Not less than eighty million feet of timber and lumber are annually consumed on the Comstock lode. In a single mine—the Consolidated Virginia—timber is being buried at the rate of six million feet per annum, and in all other mines in like proportion. At the same time about 250,000 cords of wood are consumed.
The pine-forests of the Sierra Nevada Mountains are drawn upon for everything in the shape of wood or lumber, and have been thus drawn upon for many years. For a distance of fifty or sixty miles all the hills of the eastern slope of the Sierras have been to a great extent denuded of trees of every kind; those suitable only for wood as well as those fit for the manufacture of lumber for use in the mines. Already the lumbermen are not only extending their operations to a greater distance north and south along the great mountain range, but are also beginning to reach over to the western slope—over to the California side of the range.
Long since, all the forests on the lower hills of the Nevada side of the mountains that could be reached by teams, were swept away, when the lumbermen began to scale the higher hills, felling the trees thereon, and rolling or sliding the logs down to flats whence they could be hauled. The next movement was to erect saw-mills far up in the mountains, and to construct from these, large flumes leading down into the valleys, through which to float wood, lumber, and timber. Some of these flumes are over twenty miles in length, and are very substantial structures, costing from $20,000 to $250,000 each. They are built on a regular grade, and, in order to maintain this grade, wind round hills, pass along the sides of steep mountains, and cross deep cañons; reared, in many places, on trestle-work of great height.
These flumes are made so large that timbers sixteen inches square and twenty or thirty feet in length may be floated down in them. In a properly constructed flume, timbers of a large size are floated by a very small head of water; and not alone single logs, but long processions of them. Timbers, wood, lumber—in fact, all that will float—is carried away as fast as thrown in. When a stick of timber or a plank has been placed in the flume, then ends all the expense of transportation, as, without further attention, it is dumped in the valley—twenty miles away, perhaps. By means of these flumes, tens of thousands of acres of timber-land are made available, that could never have been reached by teams.
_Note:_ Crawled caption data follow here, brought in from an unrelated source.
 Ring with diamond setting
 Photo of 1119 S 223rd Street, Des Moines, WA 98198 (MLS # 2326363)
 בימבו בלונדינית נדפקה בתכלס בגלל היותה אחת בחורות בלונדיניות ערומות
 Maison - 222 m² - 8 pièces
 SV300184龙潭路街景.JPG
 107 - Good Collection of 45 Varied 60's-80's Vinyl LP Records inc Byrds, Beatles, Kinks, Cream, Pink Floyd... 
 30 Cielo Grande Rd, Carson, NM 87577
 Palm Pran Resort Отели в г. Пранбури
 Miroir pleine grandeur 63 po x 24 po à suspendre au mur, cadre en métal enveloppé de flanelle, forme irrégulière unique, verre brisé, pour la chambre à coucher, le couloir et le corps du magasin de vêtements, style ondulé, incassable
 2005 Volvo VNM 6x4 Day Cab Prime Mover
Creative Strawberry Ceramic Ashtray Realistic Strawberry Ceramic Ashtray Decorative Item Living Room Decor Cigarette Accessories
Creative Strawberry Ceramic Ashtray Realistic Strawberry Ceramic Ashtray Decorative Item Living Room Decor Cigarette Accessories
In some places, where the ground is very steep, there are to be seen what are called gravitation flumes, down which wood is sent without the aid of water. These, however, are merely straight chutes, running from the top to the bottom of a single hill or range of hills. In places, they are of great use, as through them wood may be sent down within reach of the main water-flume leading to the valley. Nearly all of the flumes have their dumps near the line of the Virginia and Truckee Railroad, or some of its branches or side-tracks, and in these dumps are at times to be seen thousands upon thousands of cords of wood and millions of feet of lumber.
In some localities a kind of chute is in use, made by laying down a line of heavy timbers in such shape as to form a sort of trough. Down these tracks or troughs are slid huge logs. When the troughs are steep, the logs rush down at more than railroad speed, leaving behind them a trail of fire and smoke. Such log-ways are generally to be seen about the lakes, and are so contrived that the logs leap from them into water of great depth, as otherwise they would be shivered to pieces and spoiled for use in the manufacture of lumber. Occasionally, in summer, a daring lumberman mounts a large log at the top of one of these chutes, high up the mountain, and darting down at lightning speed, with hair streaming in the breeze, takes a wild leap of twenty or thirty feet into the lake. In one place, in order to obtain a supply of water sufficient to run two lumber-flumes, a tunnel was run a distance of 2,100 feet at a cost of $30,000. This tunnel passed through a ridge, and tapped a lake lying within the basin of Lake Tahoe.